5º
Domingo de Páscoa (ano B)
1ª
leitura: Actos dos Apóstolos, 9, 26-31
2ª
leitura: 1ª Carta de S. João, 3, 18-24
Evangelho: S. João, 15, 1-8
Não,
«não é o que pensa». A palavra «tareia» não é mais do que ligeira
alteração de «tarefa», termo árabe designando uma grande quantidade
de trabalho a que se é obrigado (veja-se o espanhol «tarea»).
Uma
«tareia bem dada» é fazer com que alguém «sinta no corpo» o esforço
bem suado, próprio de um treino para vencer na vida.
Neste
caso, a palavra «corpo» tem uma dimensão «holística» (palavra grega
que refere a totalidade): designa a pessoa integral. Como quando se
diz «dar o corpo ao manifesto», o que só é possível mobilizando
também a energia espiritual. E por isso é que um castigo físico dói
na alma e o desânimo nos põe doentes.
O
segredo está em que seja um treino-tareia oportuno, a seu tempo, de
acordo com as capacidades e o ritmo do sujeito. Só assim é que ser
obrigado não é ser escravizado. Só assim é que o esforço vale a pena
e a gente se prepara para vencer na vida. «Dar bem» uma tareia é
preparar o outro para realizar bem a tarefa e compreender que o
êxito tem que lhe «sair do corpo».
No
evangelho, Jesus Cristo compara-se a uma videira. As imagens de
vinha, videira e vinho marcam uma forte presença tanto no Antigo
como no Novo Testamento. São imagens que falam da vida: da energia
que é, do trabalho que dá, do prazer que a vida proporciona.
Uma a
uma, cada videira é podada como única e, com toda a força da
expressão, leva um «enxerto de tareia». É isso mesmo: «enxertar»
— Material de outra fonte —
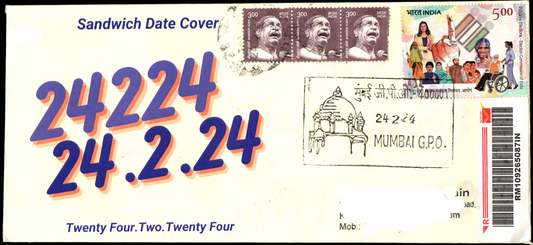 Permanent Pictorial  Postally Travelled Cover on Sandwich Date Cover -24-02-2024 From Mumbai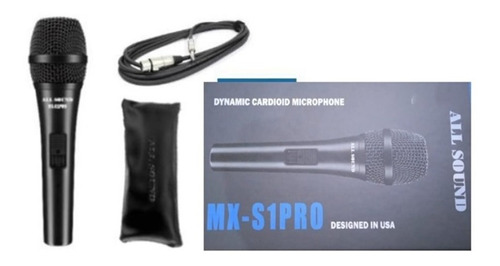 Micrófono Dinámico All Sound Mx-s1pro Full Metal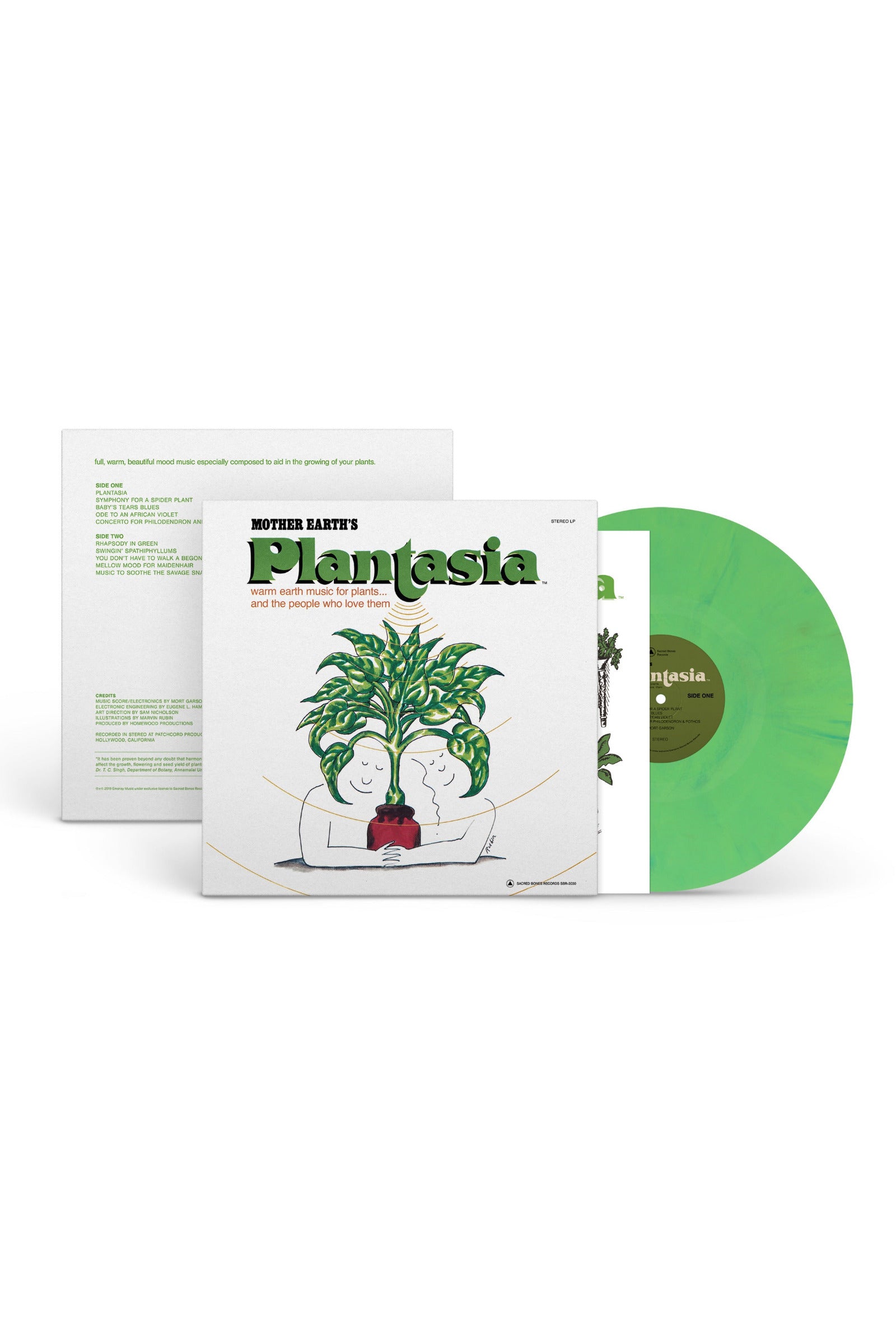 Vinyl record with a white cover featuring an illustration of a person holding a plant, on a white background Eco Green Anniversary edition ©Sacred Bones Records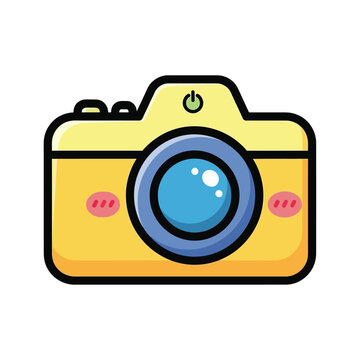 Yellow Cartoon Camera Illustration with Blue Lens.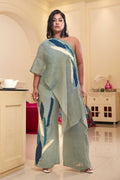 Blue Chanderi Silk One Shoulder Co-Ord Set by Chambray & Co. with Blue, Chambray & Co, Chanderi Silk, Complete Sets, Embroidered, Natural, Party Wear, PartyWear Co-ords, Regular Fit, Taabir, Womenswear at Kamakhyaa for sustainable fashion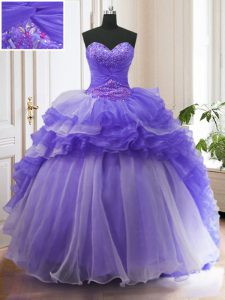 Purple Sweetheart Neckline Beading and Ruffled Layers Vestidos de Quinceanera Sleeveless Lace Up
cuidadosamente a «tarefa» de bem produzir. A cada golpe bem dado
responderá um cacho bem chorudo, benfeitor da boa mesa e mais tarde,
após outra tareia bem dura, surge o vinho, invencível animador da
«pessoa integral».
O
«homem da poda», senhor de toda a sabedoria, diz Jesus Cristo que é
Deus – o «querido pai». Para Jesus dar tanto fruto como deu, sabemos
sobejamente a «tareia» que apanhou do «pai querido»! É caso para
dizer: para grande «tarefa» grande «tareia»!
E não
conta a 1ª leitura como os primeiros cristãos desconfiavam da
conversão de Saulo? Precisavam de ver que, a seguir à «tareia bem
dada» a caminho de Damasco, suportaria muitas «tarefas». Sabemos
como o resultado foi bem positivo.
Na
linguagem da Bíblia, «dar fruto» já tem o sentido de dar provas do
próprio valor. E como diz a segunda leitura, esta prova tem de ser
feita «com obras e em verdade».
A
palavra «verdade», na cultura hebraica, designa a solidez do objecto
ou da pessoa que permanece firme contra toda a adversidade. As obras
não podem ter a fugaz consistência de um fogo de artifício. Por
isso, Jesus se apresenta como «a vide verdadeira».
Não se
pode dizer que «só» em Jesus Cristo encontramos a Verdade. Graças ao
«Senhor da poda», não faltam, em todas as épocas, civilizações e
culturas, magníficos portadores e defensores da Verdade. Mas só é
«verdadeiro» cristão quem se esforça por conhecer o valor especial
de Jesus Cristo, vivendo como sarmento em que corre a seiva do
tronco principal.
Quais
são as boas «tareias»? E as boas «tarefas»?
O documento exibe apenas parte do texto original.